- Given data
++++

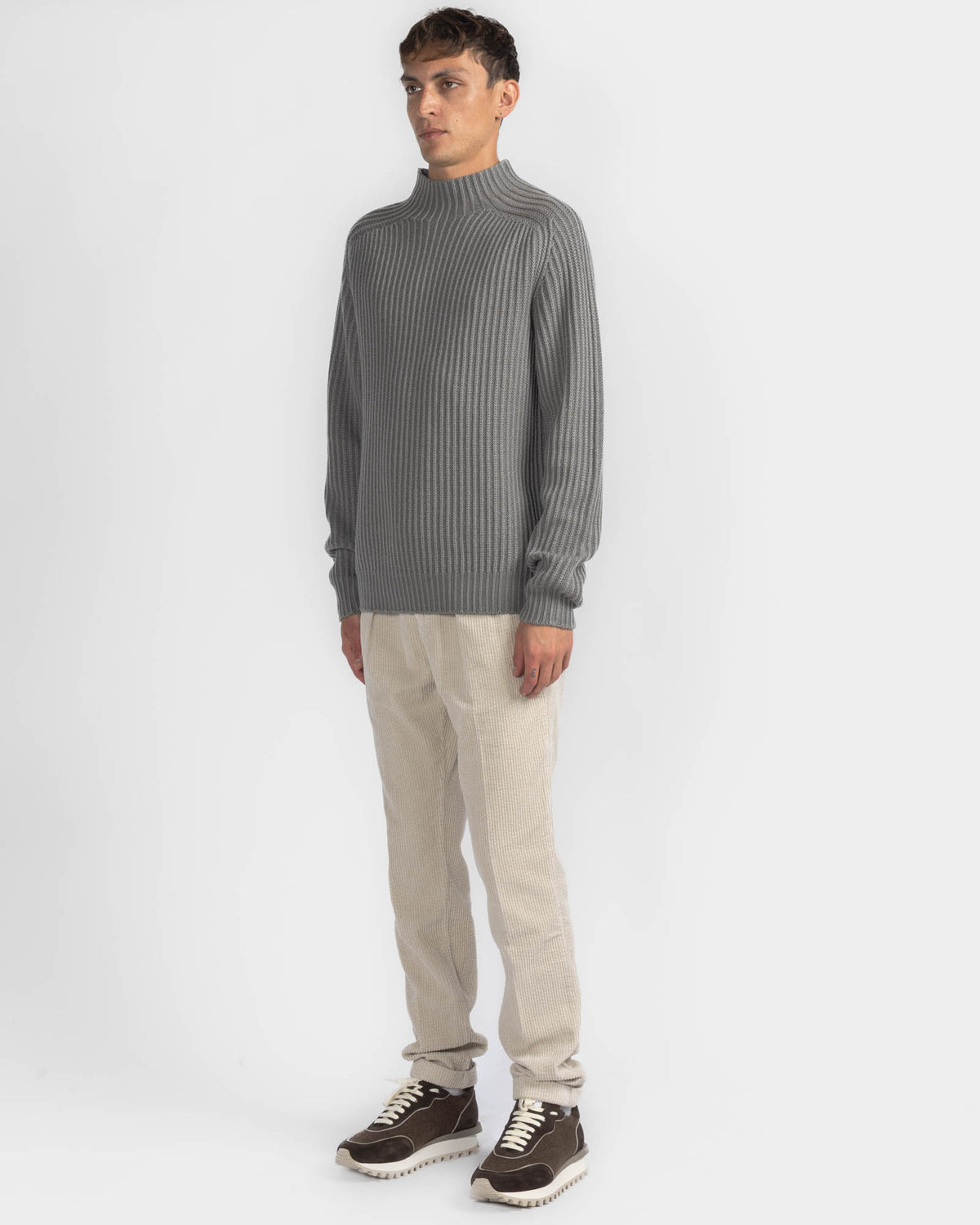 Foggy Mock Sweater
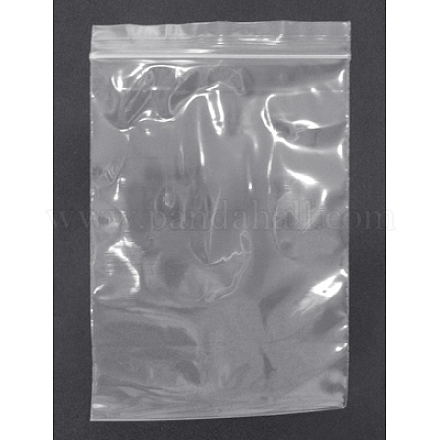 プラスチックジップロックバッグ  再封可能な包装袋  トップシール厚いバッグ  長方形  透明  20 30 CMX CM  片側の厚さ：2.1ミル（0.055mm） X-OPP58-1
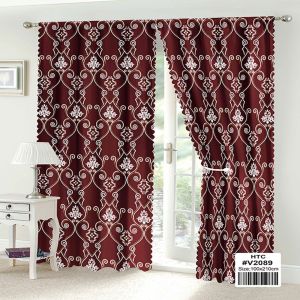 Red Pink Purple Curtains Arrival Fashion Flowers Kurtina for Room Window Door Bedroom Home Living Decoration No Ring Cartoon Curtain 1PC 100x210cm COD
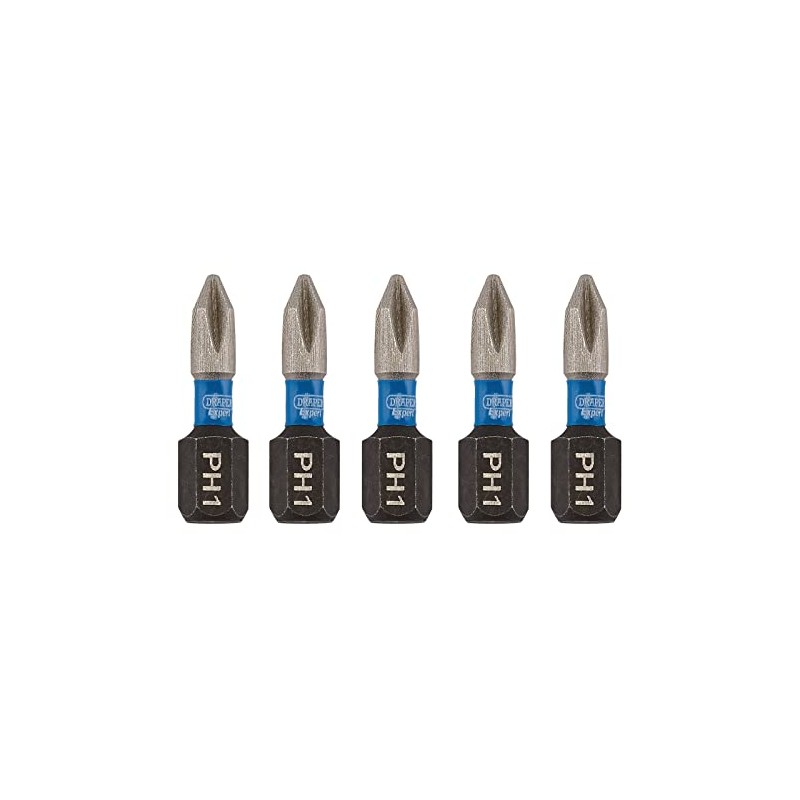 Draper 04934 Cross Slot/PH Type Impact Screwdriver Bits, No.1 x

++++

- Task requirements
Would you transcribe the lines above exactly, going from the line bearing "20 30 CMX CM" through the line bearing "Red Pink Purple", and drop the pictures from the copy?

- Reply
 プラスチックジップロックバッグ  再封可能な包装袋  トップシール厚いバッグ  長方形  透明  20 30 CMX CM  片側の厚さ：2.1ミル（0.055mm） X-OPP58-1
 Red Pink Purple Curtains Arrival Fashion Flowers Kurtina for Room Window Door Bedroom Home Living Decoration No Ring Cartoon Curtain 1PC 100x210cm COD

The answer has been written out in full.